W Poznaniu odbyły się uroczystości poświęcone pamięci Thomasa Woodrowa Wilsona, 28. prezydenta Stanów Zjednoczonych, z okazji setnej rocznicy jego śmierci. W piątek, 2 lutego, dzień przed rocznicą, przedstawiciele władz miasta, armii amerykańskiej oraz organizacji społecznych uczcili jego wkład w odzyskanie przez Polskę niepodległości i wspieranie praw narodów do samostanowienia.

 

Grzegorz Ganowicz, Przewodniczący Rady Miasta Poznania, przypomniał kluczową rolę Wilsona w kształtowaniu porządku światowego po I wojnie światowej.

“Był on autorem programu pokojowego, który nosił nazwę 14 punktów Wilsona. Wśród nich był punkt, który mówił wprost o wskrzeszeniu niepodległego Państwa Polskiego z dostępem do morza” – mówił Ganowicz podczas ceremonii.

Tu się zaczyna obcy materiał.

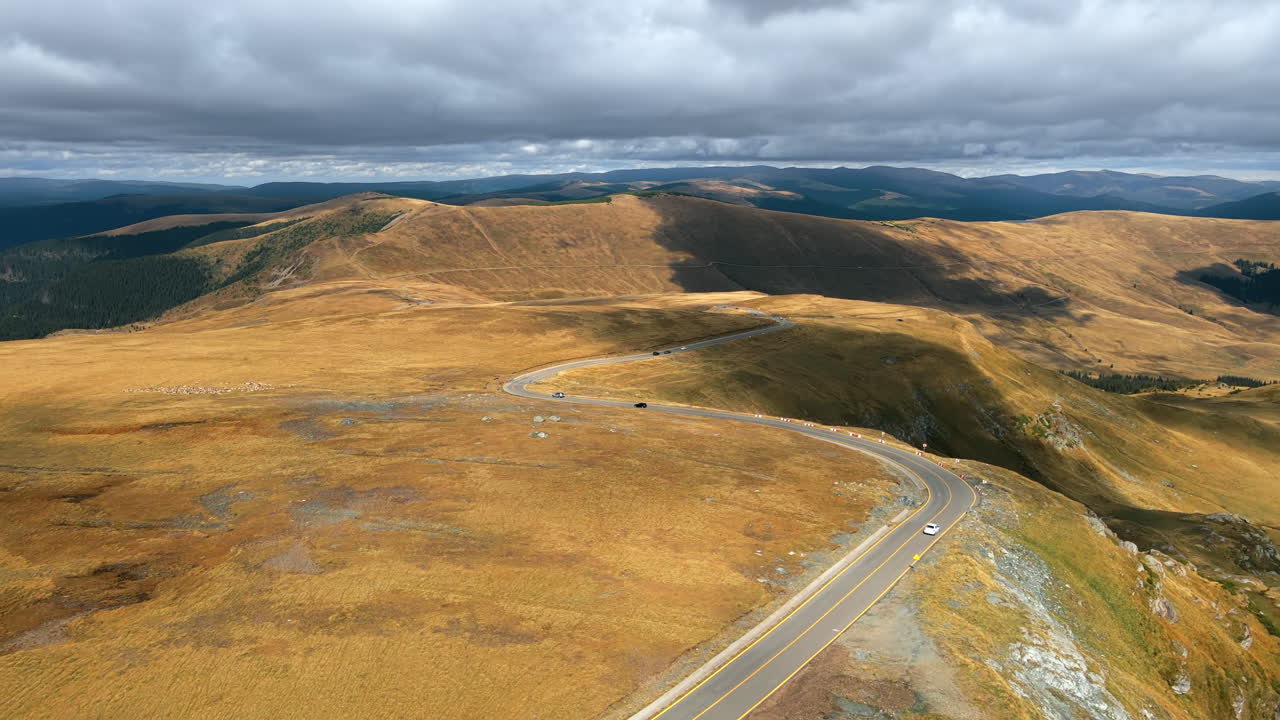 Aerial drone view of nature in Romania. Carpathian mountains, sparse vegetation, Transalpina road with cars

Poznań jest miastem, które jako pierwsze w Polsce uczciło pamięć Wilsona już w 1926 roku, nadając parkowi na Łazarzu imię prezydenta oraz umieszczając pamiątkową tablicę. Niestety, wybuch II wojny światowej doprowadził do zniszczenia rzeźby oraz tablicy. Po latach komunistycznej Polski, miasto wróciło do tradycji upamiętniania Wilsona, przywracając parkowi jego imię i odszukując zaginioną rzeźbę Zofii Trzcińskiej-Kamińskiej, która dziś zdobi park.

W ramach uroczystości odsłonięto replikę tablicy upamiętniającej uzyskanie przez USA niepodległości, co symbolizuje trwałe związki między Polską a Stanami Zjednoczonymi. Pułkownik Miguel Cisneros, asystent Dowódcy Garnizonu Sił Lądowych USA, podkreślił znaczenie Wilsona dla Polski, wskazując na jego zdecydowane poparcie dla odzyskania przez Polskę niepodległości.

W uroczystościach uczestniczyli nie tylko przedstawiciele władz i armii, ale także Towarzystwo Pamięci Powstania Wielkopolskiego, podkreślając znaczenie Wilsona dla historii Polski. Jędrzej Solarski, zastępca prezydenta Poznania, również zaznaczył ważność tego wydarzenia dla miasta, przypominając o niezwykłym wkładzie Wilsona w kształtowanie nie tylko amerykańskiej, ale i światowej polityki.